Uh-oh. This is not good. Tamares Group is going to cease taking room bookings at the Vegas Club. In an ominous phrase, it’s “evaluating its options” for the hotel-casino, whose gambling floor and other amenities are but a pallid shadow of what competing properties, even Tamares’ own Plaza, have to offer. It’s basically dead without knowing it. The news comes as the Las Vegas Sun reports — or implies — that once-aggressive Siegel Group is having trouble over at the thoroughly remade Gold Spike. The latter was once a vile, indescribable dive that Siegel rescued from Tamares’ neglect. As for the Vegas Club, it’s not a good sign that Tamares is pulling in its horns still further at a time when Derek Stevens (of The D and the Golden Gate) and Terry Caudill (of Binion’s Gambling Hall & Hotel and the Four Queens) are either executing or announcing various forms of reinvestment and capital improvement. All of them, of course, are trying to keep pace with the state-of-the-art Golden Nugget and the renewed ‘classic cool’ of the El Cortez, which — having helped bring Emergency Arts to fruition — finds itself sitting at Hipster Central.

(Ever notice how the showroom at the Plaza is virtually a corpse and no one has seen fit to say anything about it in months? If, at the Plaza, at first you don’t succeed, you throw in the towel immediately. As for Siegel’s big hotel project next door to the Hard Rock Hotel & Casino, that’s quietly gone into mothballs. I can’t remember the last time I saw activity on the site.)

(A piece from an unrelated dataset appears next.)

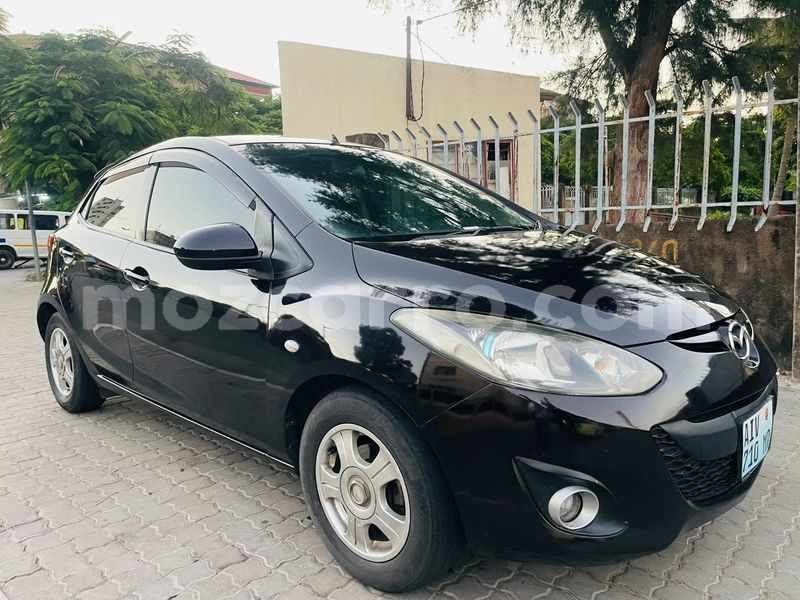 Big with watermark mazda demio maputo maputo 42597
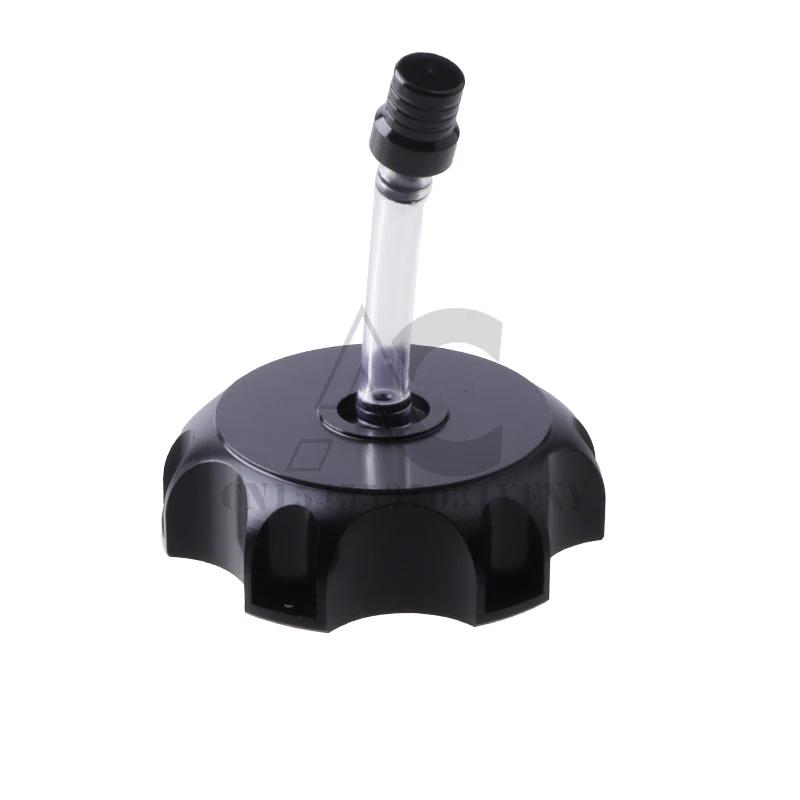 Gas Fuel Tank Cap Cover For Chinese 50cc 70cc 90cc 110cc 125cc 160cc 170cc 180cc 190cc CRF 50 70 KLX TTR DHZ SSR Dirt Pit Bike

Maybe Tamares naively hopes that Tony Hsieh and Resort Gaming Group boss Andrew Donner will come to the rescue but Donner seems to have his hands full rounding up offshore money to finish the Downtown Grand. Besides, the duo is steadily marching eastward — away from Glitter Gulch — with their real estate purchases. The Grand aside, gambling is not these gents’ priority. Tamares’ Downtown debacle is a classic case of a novice investor — retired arms mogul Poju Zabludowicztaking a blind leap into the casino business with a succession of shallow-pocketed partners and sock puppets. And what has its $82 million purchased it? A dead casino, the Western (sold recently for $14 million), an asset sale (the Gold Spike, sold to a flipper for $16 million), a dying casino (the Vegas Club) and a kinda-sorta remodeled flagship property — the Plaza — whose upgrade costs should push Tamares’ Vegas tab close to the $110 million mark, maybe past it.

Even if we discount that aberrant capex investment, Tamares has to somehow liquidate the Vegas Club and Plaza for over $50 million just to save face, and his bargaining position is weak. File our friend Poju Z. among the more well-heeled suckers that Vegas has fleeced and sent packing. He may have been good at blowing stuff up, once up a time, but his Sin City salvos almost never hit their target.

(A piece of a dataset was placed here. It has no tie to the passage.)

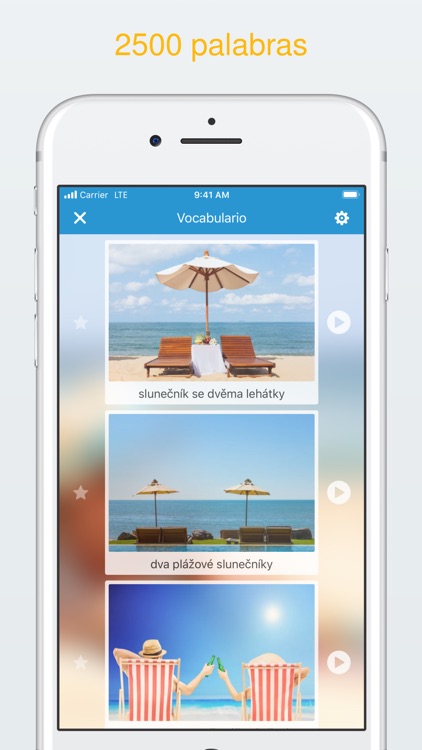 Aprender a hablar checo rápido screenshot-5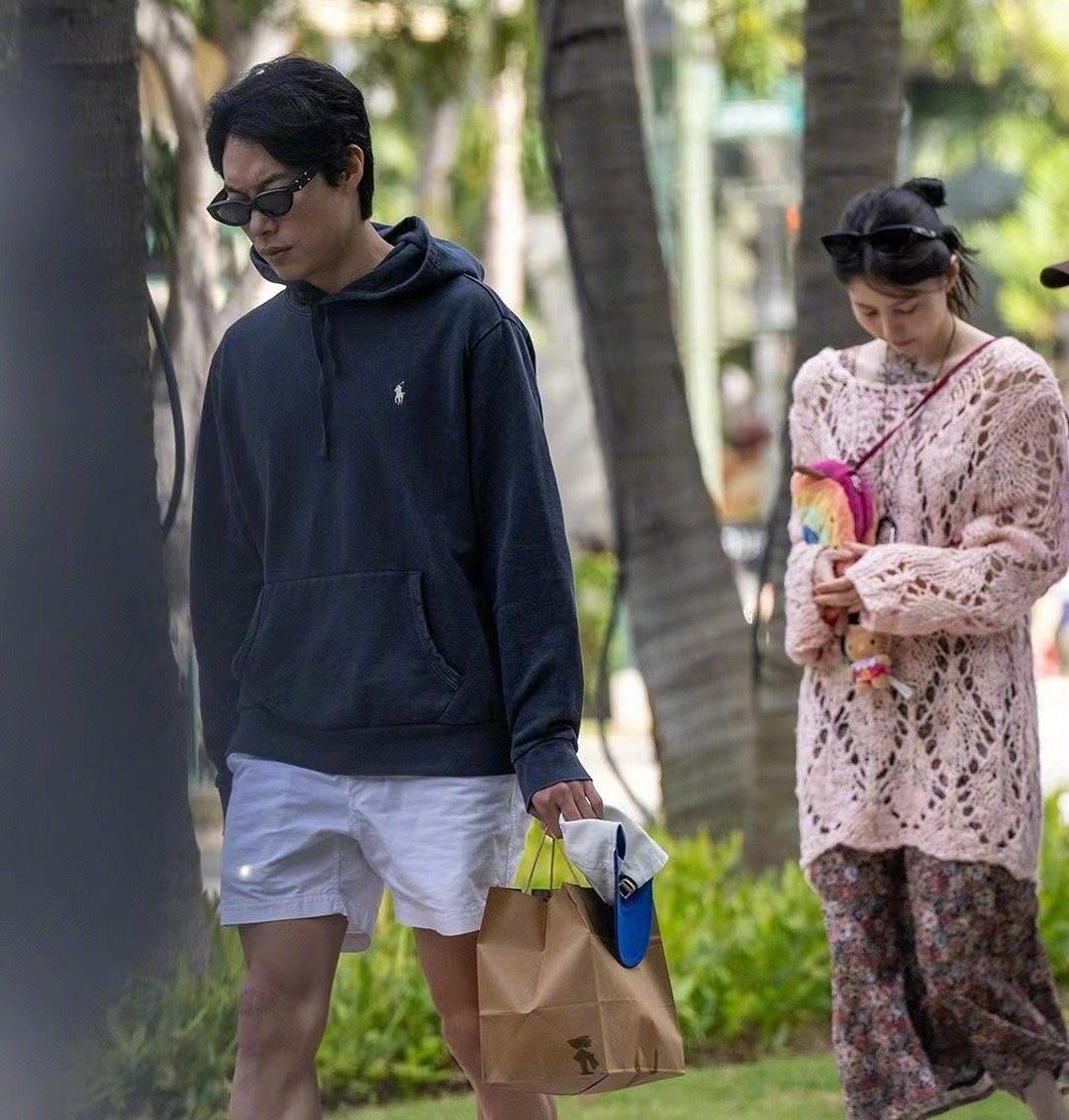 韓素希經(jīng)紀(jì)公司回應(yīng)與柳俊烈分手：雙方約定不會(huì)再被私事消耗感情 42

Hey, Derek Stevens! OK, so you finally let the worst-kept secret in Las Vegas out of the bag … your, new, big-gun showroom act is The Scintas, holding down the 9 p.m. time slot and continuing to work their way down the casino food chain. (Anybody remember when they were a top-billed act at The Rio? No? Just me, huh? It was several presidencies ago.) Peepshow refugee Janien Valentine helps ease the workload. Guest shots by “notable names and friends” — I’m guessing Clint Holmes and Kelly Clinton — are promised. And if you stick around afterward, you can catch Hooters castoff, Raack N Roll (what happens here eventually plays every other showroom in town). Not only was Stevens’ bombshell a total snooze, The D held off the announcement until yesterday — the very day of the premiere. Way to ramp up the excitement, Derek! At least, as PR fumbles go, it’s not as bad as Tilman Fertitta putting out a press release saying that Vic & Anthony’s was openingtwo weeks after it had actually opened. Could similar, anal-retentive micromanagement be taking place at The D? For our sake and its, I certainly hope not.